* [PROBLEM] Below are some entries. Copy each line in them that holds "Property".

* [PROVIDED MATERIAL]
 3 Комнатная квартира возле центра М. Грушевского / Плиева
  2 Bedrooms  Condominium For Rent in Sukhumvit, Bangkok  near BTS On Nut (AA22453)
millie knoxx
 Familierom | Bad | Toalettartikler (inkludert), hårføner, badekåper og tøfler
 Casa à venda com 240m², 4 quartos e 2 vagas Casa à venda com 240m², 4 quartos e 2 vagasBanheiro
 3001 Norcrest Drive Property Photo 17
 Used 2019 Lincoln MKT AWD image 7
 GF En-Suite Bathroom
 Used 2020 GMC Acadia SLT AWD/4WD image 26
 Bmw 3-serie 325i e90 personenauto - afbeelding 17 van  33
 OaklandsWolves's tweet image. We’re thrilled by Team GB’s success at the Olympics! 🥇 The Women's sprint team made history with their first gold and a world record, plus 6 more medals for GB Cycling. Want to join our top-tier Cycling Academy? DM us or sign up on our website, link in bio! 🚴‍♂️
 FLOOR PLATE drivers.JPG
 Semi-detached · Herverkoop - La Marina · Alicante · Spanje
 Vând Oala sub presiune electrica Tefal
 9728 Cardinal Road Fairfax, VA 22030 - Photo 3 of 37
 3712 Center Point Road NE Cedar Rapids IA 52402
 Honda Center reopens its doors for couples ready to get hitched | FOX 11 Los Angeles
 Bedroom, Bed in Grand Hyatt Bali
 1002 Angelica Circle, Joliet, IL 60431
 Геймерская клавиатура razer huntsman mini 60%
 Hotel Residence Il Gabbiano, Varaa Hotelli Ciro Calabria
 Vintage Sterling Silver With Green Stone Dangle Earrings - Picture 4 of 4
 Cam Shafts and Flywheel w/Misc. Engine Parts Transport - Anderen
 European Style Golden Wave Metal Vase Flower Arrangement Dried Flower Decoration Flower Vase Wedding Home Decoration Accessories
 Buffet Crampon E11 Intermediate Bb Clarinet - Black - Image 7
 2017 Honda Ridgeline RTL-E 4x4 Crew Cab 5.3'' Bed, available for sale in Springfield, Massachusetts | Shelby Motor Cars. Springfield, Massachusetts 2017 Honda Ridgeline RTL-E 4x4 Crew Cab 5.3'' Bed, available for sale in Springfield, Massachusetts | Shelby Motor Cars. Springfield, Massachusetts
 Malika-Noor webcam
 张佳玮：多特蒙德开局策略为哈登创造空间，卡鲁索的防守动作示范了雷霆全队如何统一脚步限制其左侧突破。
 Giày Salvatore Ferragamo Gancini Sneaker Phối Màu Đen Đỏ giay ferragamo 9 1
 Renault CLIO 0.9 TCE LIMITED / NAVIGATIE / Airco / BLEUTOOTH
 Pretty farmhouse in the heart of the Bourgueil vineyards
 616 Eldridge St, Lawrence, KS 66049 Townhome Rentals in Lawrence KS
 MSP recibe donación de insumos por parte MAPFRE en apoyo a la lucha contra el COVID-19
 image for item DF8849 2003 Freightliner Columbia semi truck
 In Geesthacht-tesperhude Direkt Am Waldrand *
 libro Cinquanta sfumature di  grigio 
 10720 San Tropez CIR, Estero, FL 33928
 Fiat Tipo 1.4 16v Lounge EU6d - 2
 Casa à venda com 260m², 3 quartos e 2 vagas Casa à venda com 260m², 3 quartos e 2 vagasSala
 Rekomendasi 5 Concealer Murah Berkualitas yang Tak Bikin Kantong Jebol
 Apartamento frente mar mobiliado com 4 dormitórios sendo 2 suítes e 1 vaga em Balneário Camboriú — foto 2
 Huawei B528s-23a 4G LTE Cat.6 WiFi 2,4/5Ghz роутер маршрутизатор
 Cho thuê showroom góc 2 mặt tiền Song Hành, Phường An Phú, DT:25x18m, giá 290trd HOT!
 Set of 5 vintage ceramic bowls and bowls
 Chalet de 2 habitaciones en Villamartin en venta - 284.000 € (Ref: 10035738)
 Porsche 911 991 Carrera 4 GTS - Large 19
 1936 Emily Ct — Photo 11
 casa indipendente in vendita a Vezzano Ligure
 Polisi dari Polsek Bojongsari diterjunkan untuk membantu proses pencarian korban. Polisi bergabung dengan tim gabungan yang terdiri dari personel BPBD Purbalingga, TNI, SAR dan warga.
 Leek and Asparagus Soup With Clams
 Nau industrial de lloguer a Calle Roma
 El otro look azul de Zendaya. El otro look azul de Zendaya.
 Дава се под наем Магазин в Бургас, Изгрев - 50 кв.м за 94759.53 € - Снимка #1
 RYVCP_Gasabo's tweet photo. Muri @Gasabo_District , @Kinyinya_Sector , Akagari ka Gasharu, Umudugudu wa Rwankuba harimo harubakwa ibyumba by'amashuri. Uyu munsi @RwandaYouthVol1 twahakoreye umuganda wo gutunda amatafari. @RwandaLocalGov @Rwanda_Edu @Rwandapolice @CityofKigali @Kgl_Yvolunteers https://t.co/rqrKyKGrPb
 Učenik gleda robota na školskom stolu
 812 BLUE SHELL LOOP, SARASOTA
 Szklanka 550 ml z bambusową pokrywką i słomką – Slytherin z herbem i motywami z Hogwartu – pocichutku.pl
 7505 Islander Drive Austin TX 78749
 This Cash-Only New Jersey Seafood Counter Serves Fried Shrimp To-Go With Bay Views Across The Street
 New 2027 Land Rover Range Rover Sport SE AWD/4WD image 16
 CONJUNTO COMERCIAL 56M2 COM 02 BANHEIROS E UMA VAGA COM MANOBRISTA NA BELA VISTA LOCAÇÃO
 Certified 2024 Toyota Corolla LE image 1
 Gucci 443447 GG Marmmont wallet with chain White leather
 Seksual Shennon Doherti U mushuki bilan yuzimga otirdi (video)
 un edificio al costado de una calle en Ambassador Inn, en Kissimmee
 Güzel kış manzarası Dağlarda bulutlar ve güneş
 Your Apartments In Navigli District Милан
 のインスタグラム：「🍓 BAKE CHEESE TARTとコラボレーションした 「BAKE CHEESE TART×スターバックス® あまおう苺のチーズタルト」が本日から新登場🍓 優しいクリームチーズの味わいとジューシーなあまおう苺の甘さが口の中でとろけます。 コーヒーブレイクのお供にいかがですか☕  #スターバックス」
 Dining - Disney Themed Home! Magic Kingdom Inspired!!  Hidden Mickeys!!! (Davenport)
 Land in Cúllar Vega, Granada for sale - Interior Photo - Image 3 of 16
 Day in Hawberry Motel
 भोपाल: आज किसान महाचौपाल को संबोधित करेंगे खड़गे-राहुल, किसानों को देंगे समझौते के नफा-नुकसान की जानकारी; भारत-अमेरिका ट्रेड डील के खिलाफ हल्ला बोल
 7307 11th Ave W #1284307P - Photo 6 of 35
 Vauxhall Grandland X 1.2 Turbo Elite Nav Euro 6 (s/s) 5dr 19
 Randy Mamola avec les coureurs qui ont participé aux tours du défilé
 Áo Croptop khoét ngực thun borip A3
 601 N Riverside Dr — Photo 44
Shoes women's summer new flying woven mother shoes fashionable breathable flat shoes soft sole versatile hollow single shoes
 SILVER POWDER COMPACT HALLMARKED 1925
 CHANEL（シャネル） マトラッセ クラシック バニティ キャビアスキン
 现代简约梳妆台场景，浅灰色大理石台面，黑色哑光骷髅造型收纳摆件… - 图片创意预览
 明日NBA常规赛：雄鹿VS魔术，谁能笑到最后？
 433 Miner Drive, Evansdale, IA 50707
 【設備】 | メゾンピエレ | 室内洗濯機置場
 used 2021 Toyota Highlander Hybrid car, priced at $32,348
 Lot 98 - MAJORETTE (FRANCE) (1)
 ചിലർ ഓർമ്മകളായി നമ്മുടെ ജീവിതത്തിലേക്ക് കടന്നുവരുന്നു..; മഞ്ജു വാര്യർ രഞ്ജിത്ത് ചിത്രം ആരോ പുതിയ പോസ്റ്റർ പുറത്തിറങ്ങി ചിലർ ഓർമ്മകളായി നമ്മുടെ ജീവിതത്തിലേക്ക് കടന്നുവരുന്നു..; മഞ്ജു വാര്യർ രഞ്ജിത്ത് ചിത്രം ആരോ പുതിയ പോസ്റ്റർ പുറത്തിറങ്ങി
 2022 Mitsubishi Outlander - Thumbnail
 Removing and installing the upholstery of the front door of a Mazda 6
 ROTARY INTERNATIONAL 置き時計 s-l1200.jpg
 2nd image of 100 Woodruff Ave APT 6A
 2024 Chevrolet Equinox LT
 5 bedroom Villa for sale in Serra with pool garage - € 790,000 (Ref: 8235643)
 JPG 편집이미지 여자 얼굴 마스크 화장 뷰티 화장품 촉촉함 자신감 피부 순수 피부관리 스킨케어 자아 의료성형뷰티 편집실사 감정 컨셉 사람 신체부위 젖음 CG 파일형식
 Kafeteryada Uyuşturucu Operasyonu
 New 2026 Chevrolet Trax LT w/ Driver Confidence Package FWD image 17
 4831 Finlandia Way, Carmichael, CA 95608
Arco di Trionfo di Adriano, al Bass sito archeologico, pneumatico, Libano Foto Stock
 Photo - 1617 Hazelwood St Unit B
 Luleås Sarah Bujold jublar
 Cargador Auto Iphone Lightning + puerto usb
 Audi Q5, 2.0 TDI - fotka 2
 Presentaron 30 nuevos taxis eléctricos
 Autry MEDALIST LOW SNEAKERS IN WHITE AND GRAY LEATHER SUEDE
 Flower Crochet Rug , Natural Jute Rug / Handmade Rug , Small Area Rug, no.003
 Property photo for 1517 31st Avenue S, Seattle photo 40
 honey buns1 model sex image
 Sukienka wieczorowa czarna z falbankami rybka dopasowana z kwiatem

* [TASK SOLUTION]
 3001 Norcrest Drive Property Photo 17
 Property photo for 1517 31st Avenue S, Seattle photo 40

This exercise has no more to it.